For such satire, headlines serve as the punch line — that’s why The Onion focuses on them so much — and signal the pieces are fake. Each outlet has its approach; Reductress (‘Man With Gender Studies Degree Terrorises Party’) takes a serious-news tone to sarcastically describe common experiences for women; ClickHole (‘Nowhere To Run: Jason Chaffetz Just Opened Up His Dishwasher And A Horde Of Angry Constituents Spilled Out’), often goes for straight-up bizarre absurdity. The Washington Post publishes satirical pieces in its opinion section with headlines that, as standalone sentences, can be an innocuous opening for humour (“Does Betsy DeVos know what ‘choice’ means?”) or silly (“Great news: President Trump did not bite any bats in half during his address to Congress!”).
Critics of Borowitz Report point to the quality of its headline jokes as part of the problem. Slate described the humour as “so tepid that people often share it without realising it’s supposed to be funny.”

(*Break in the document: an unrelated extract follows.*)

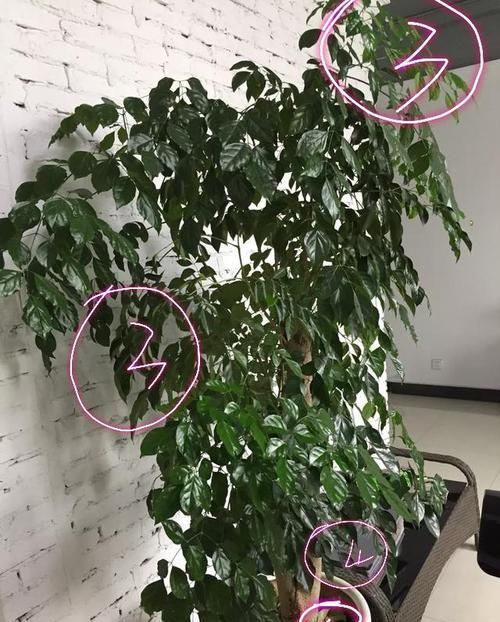  [煤污病]幸福树容易掉叶子，叶片有很多白色小颗粒，幸福树怎么养护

Particularly now, if satirical headlines lack bite and are just a hair off the truth, then they aren’t all that humorous. Especially when things like this are published as straight news:
“When Mr Trump is not watching television in his bathrobe or on his phone reaching out to old campaign hands and advisers, he will sometimes set off to explore the unfamiliar surroundings of his new home,” reads a February New York Times article.
“Aides confer in the dark because they cannot figure out how to operate the light switches in the cabinet room,” it continues. “Visitors conclude their meetings and then wander around, testing doorknobs until finding one that leads to an exit.”
It’s 2017. If you’re reading or creating satire online, it’s time to step up your game.